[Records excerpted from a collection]

-- Opening Marker --

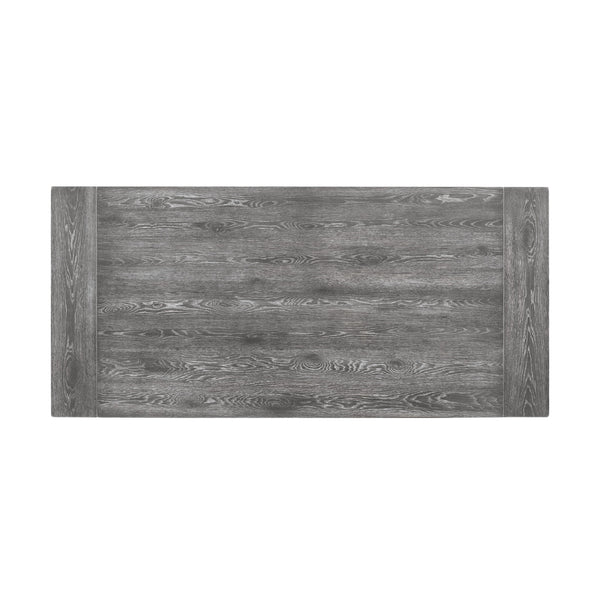 English Elm Rectangular Weathered Gray Trestle Dining Table with Double Turned Pedestal – Rustic Elegance, Durable Craftsmanship, Family-Friendly Centerpiece B016S00012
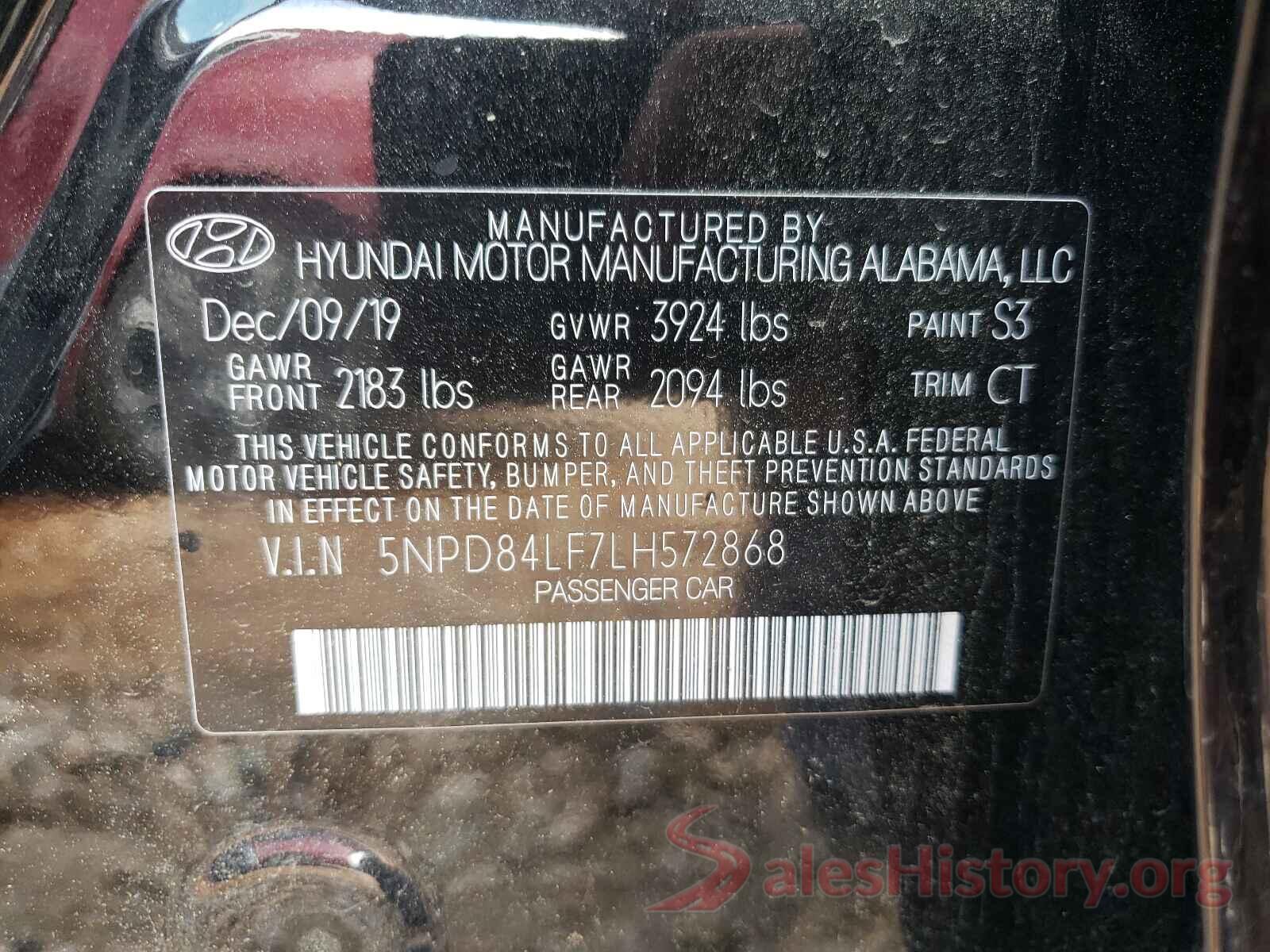 5NPD84LF7LH572868 2020 HYUNDAI ELANTRA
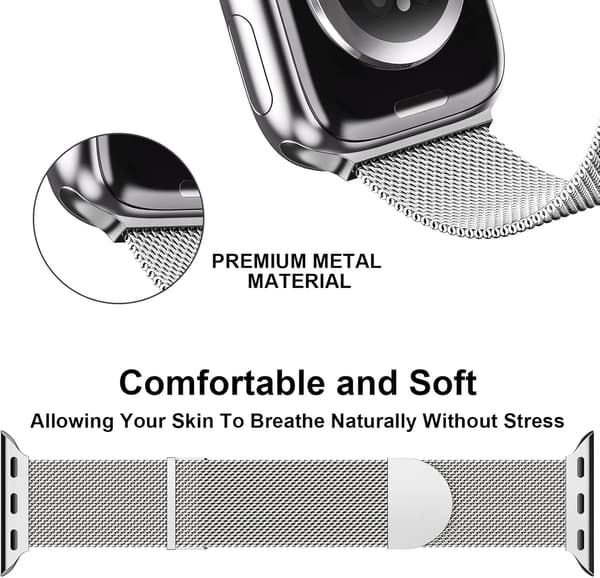 Sølvfarvede remme kompatible med Apple Watch rem 42/44/45 mm til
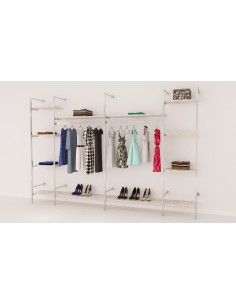 KIT ARREDO MENSOLA APPENDIABITI CROMATO VERSATILE DA  362,5 cm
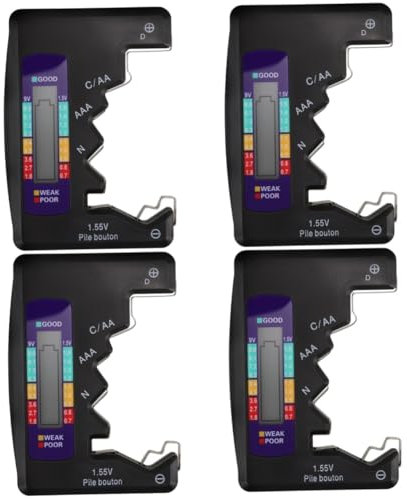 Uonlytech 4stücke Batterietester Für Batterien Digitales Messgerät Zur Überprüfung Des Ladezustands Batterieleistung Vielseitig Einsetzbar Kompakt Und Zuverlässig Für Heimgebrauch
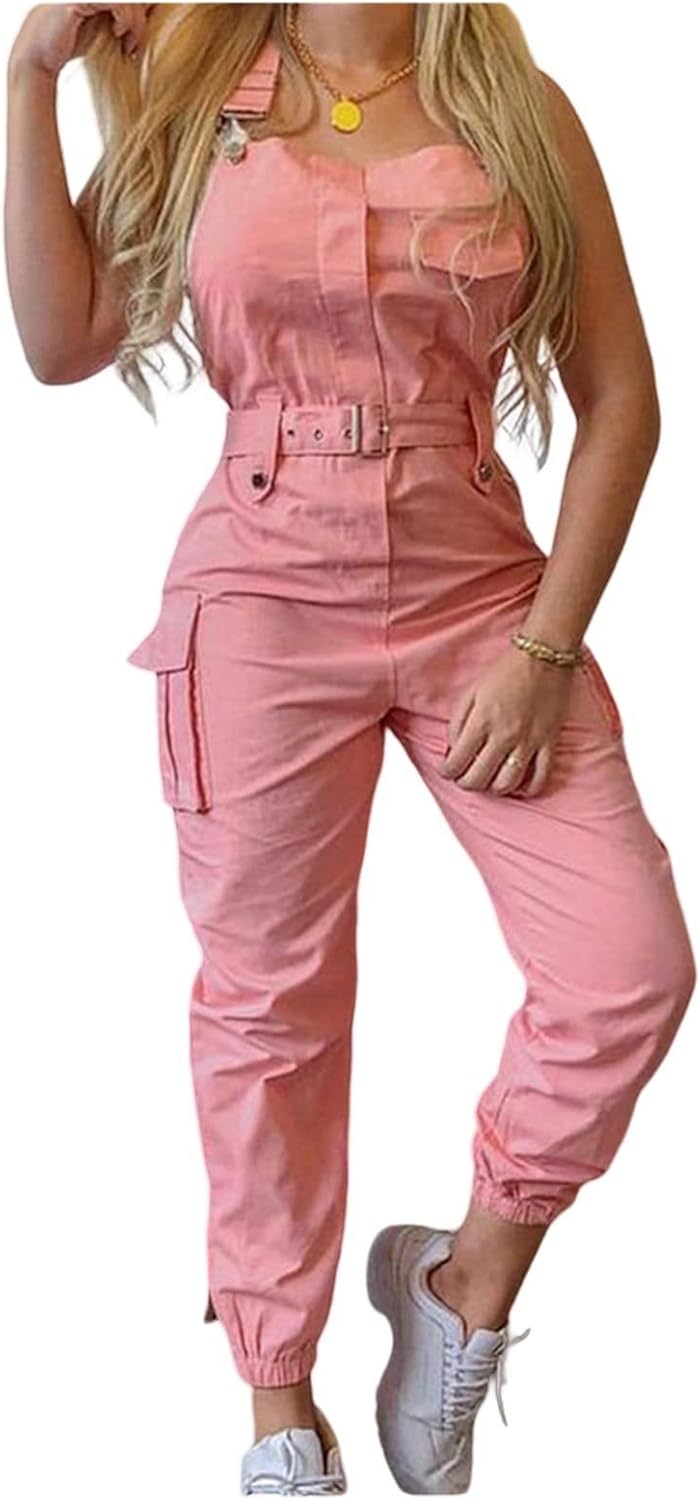 Dawwoti Women’s Workwear Jumpsuit Belt Sleeveless Overalls One Piece Pants Dawwoti Women’s Workwear Jumpsuit Belt Sleeveless Overalls One Piece Pants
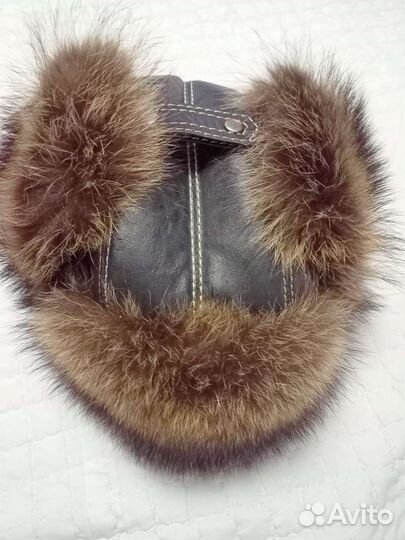 Шапка ушанка кожаная мех кайота муж
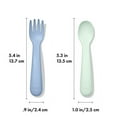 thumbnail image 3 of OXO Tot Toddler Plastic Fork and Spoon 4 Piece Set for 12+ Months, Opal and Dusk, 3 of 9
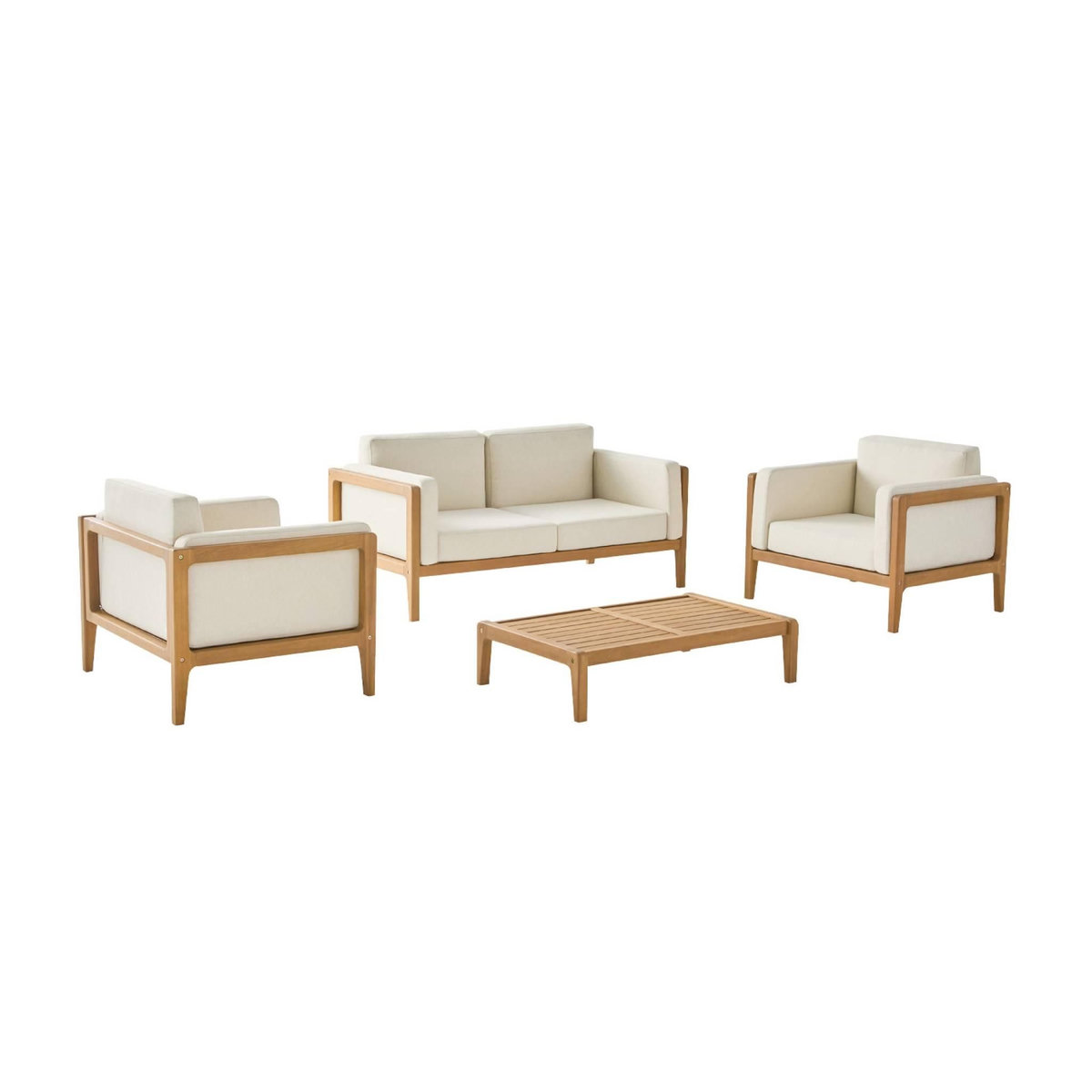 SWEEEK Salon de jardin bois d'acacia 4 places naturel - Oruni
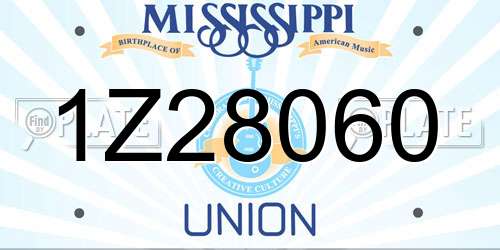 1Z28060 Mississippi License Plate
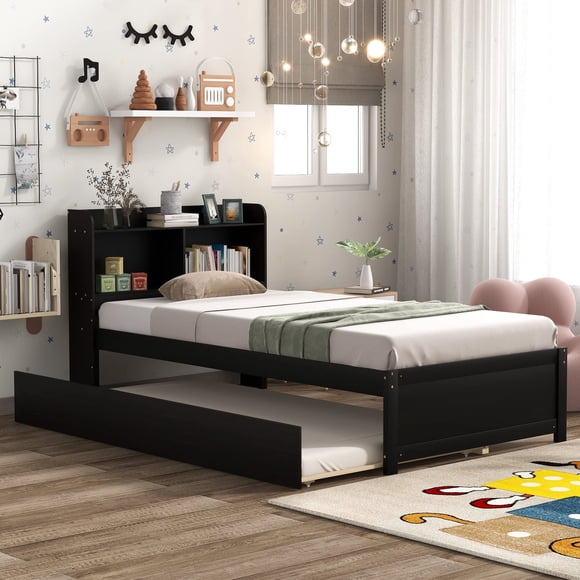LZ LEISURE ZONE Twin Size Platform Bed with Trundle, Wood Twin Bed Frame with Bookcase and Headboard, No Box Spring Needed, Espresso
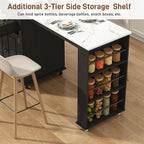 80"-48" Extendable Kitchen Island with Extended Dining Table and Power Outlet,Large Mobile Kitchen Storage Islands with 2 Storage Drawers,Rolling Islands Cart with 3 Extra Rows Open Shelves(Marble Bl)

-- Closing Marker --

PROBLEM TO SOLVE =>
Print the data above exactly; drop every picture.

ANSWER TO THIS EXERCISE =>
 English Elm Rectangular Weathered Gray Trestle Dining Table with Double Turned Pedestal – Rustic Elegance, Durable Craftsmanship, Family-Friendly Centerpiece B016S00012
 5NPD84LF7LH572868 2020 HYUNDAI ELANTRA
 Sølvfarvede remme kompatible med Apple Watch rem 42/44/45 mm til
 KIT ARREDO MENSOLA APPENDIABITI CROMATO VERSATILE DA  362,5 cm
 Uonlytech 4stücke Batterietester Für Batterien Digitales Messgerät Zur Überprüfung Des Ladezustands Batterieleistung Vielseitig Einsetzbar Kompakt Und Zuverlässig Für Heimgebrauch
 Dawwoti Women’s Workwear Jumpsuit Belt Sleeveless Overalls One Piece Pants Dawwoti Women’s Workwear Jumpsuit Belt Sleeveless Overalls One Piece Pants
 Шапка ушанка кожаная мех кайота муж
 thumbnail image 3 of OXO Tot Toddler Plastic Fork and Spoon 4 Piece Set for 12+ Months, Opal and Dusk, 3 of 9
 SWEEEK Salon de jardin bois d'acacia 4 places naturel - Oruni
 1Z28060 Mississippi License Plate
LZ LEISURE ZONE Twin Size Platform Bed with Trundle, Wood Twin Bed Frame with Bookcase and Headboard, No Box Spring Needed, Espresso
 80"-48" Extendable Kitchen Island with Extended Dining Table and Power Outlet,Large Mobile Kitchen Storage Islands with 2 Storage Drawers,Rolling Islands Cart with 3 Extra Rows Open Shelves(Marble Bl)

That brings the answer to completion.